Update : Jan. 04, 2010
During auction trading, priority among orders is decided on two principles, price and time priority, to ensure that all orders are handled equally and that transactions proceed smoothly.
The following table illustrates how these two principles work together.
| Offer (sell) | Price | Bids (buy) |
| A300(5) C400(4) | 502 | |
| D1,000(3) E900(2) F500(1) | 501 | |
| 500 | H8,000(1) B100(2) J400(3) | |
| 499 | K100(4) A15,000(5) | |
|
late |
early |
Note:
Numerals - number of shares ordered
Numerals in brackets - order of priority
Alphabet - securities company identifier
Thus although there are sell orders at both 501 yen and 502 yen, those at 501 yen take precedence as a result of price priority. Of the three orders at 501 yen, Trading Participant F's order takes precedence, followed by Trading Participant E and then Trading Participant D, as a result of time priority. These are then followed by the orders at 502 yen, with Trading Participant C's order taking precedence over Trading Participant A's order.

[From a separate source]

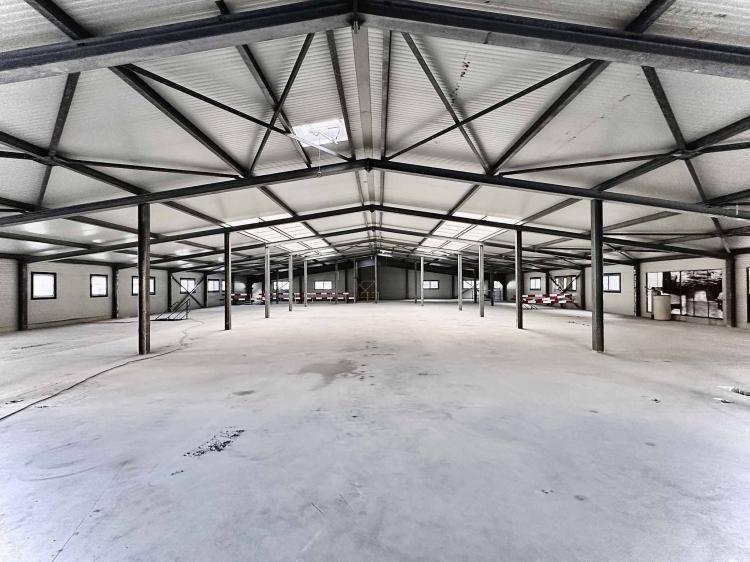 Halle industrielle de 2350 m2 à vendre à Sion région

Looking at the buy side, we can see that there are orders at 499 yen and 500 yen. In this case the orders at 500 yen take precedence due to price priority. Of the three orders at 500 yen, Trading Participant H's order takes precedence, followed by Trading Participant B and then Trading Participant J, as a result of time priority.
Thus each offer and bid is individually prioritised and executed accordingly.